Ceci dit la violence sur enfants touche tous les milieux et tous les pays.
« Je crains juste la morale finale peut être, sur l’histoire du bonheur partagé. Non pas que je ne sois pas d’accord avec mais…il ne faudrait pas que ça veuille dire « si t’es seul, autant te suicider » »
Ta remarque est très juste. Dans l’album il s’agit plus d’un trop plein de pouvoirs que le garçonnet réalise comme tous les mortels : sans la menace de la mort et les joies de l’existence, toutes ces possibilités ont peu de saveurs.
Un exemple très concret : le leader de Nirvana expliquait avoir perdu tout gout pour la musique lorsque l’acheteur de disques qu’il était a réalisé qu’il pouvait désormais acheter un virgin megastore.
Le livre de Loic montre bien que la quête importe d’avantage que sa finitude.
Je n’ai pas lu cette BD, le ressenti que je vais exposer n’est que le fruit de la lecture de ta chronique.
Ce n’est pas la première critique que je lis de toi. Elles sont souvent pertinentes.
Je te fais donc confiance et je ne voudrais pas remettre en cause les qualités de ce récit que tu valorises, notamment celle de parler vrai aux enfants.
Simplement 2 choses m’interpellent et, quelque part, me dérangent aussi !
La première est celle de partir d’un postulat aussi dramatique (La mort d’un enfant) et de la magnifier ! Pour ensuite observer un monde cruel avec, par exemple, des migrants qui se noient !
La question que je me pose est la suivante:
Mais, pour pouvoir se battre de manière active pour un monde meilleur, ne faut il pas être en vie ?

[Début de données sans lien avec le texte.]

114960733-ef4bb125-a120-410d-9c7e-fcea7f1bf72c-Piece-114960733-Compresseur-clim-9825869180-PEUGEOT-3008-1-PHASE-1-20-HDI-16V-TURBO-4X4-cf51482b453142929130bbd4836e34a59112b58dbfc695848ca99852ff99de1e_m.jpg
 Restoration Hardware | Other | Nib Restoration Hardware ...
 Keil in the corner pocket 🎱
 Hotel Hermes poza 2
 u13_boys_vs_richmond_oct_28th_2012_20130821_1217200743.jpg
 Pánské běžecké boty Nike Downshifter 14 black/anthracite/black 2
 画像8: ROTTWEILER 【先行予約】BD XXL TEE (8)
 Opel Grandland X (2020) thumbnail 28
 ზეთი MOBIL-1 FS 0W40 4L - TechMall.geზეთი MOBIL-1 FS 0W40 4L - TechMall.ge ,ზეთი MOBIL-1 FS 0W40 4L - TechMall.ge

La deuxième est celle de pouvoir acquérir des « Super pouvoirs » grâce à la mort ! Celui de se réincarner et de traverser les pays libre de souffrances et de maladies ! Comme si la mort était une solution à tout.
Alors, certes, vivre dans un monde imaginaire peut apporter du réconfort…. mais juste du réconfort !
Tout cela pour dire que le sujet est casse gueule !
Parler vrai aux enfants n’est pas chose aisée.
Je pense que cette BD estampillé dans la ligne éditoriale pour enfants de Delcourt doit dans avant être lue par un parent. A lui de décider ensuite si il doit la partager avec ses enfants.
De mon point de vue, l’espoir de notre monde sont nos enfants! Il est entre leur mains. Et cette nouvelle génération qui arrive doit être pleine de vie, de volonté pour affronter notre monde réel. Cette implication est la seule solution pour faire face aux vicissitudes et activement rendre notre vie meilleure.
Aucune mort n’est magnifiée. Il faut vraiment lire le livre avant d’écrire quelque chose d’aussi dur.
Bonjour Loïc,
C’est bien ce que j’écris: je n’ai pas lu la BD c’est juste une impression ( probablement tronquée) suite à la lecture de l’article.
Je mets simplement en évidence ma vision des choses qui vient en complément de ce qui a probablement été aussi exposé dans la BD
Justement, c’est très violent à lire et c’est l’exact contraire de ce que cette bande dessinée met en avant et que Bruce met bien en exergue. La vie ne vaut rien mais rien ne vaut la vie. La mort vaut moins que rien, dans tous les cas.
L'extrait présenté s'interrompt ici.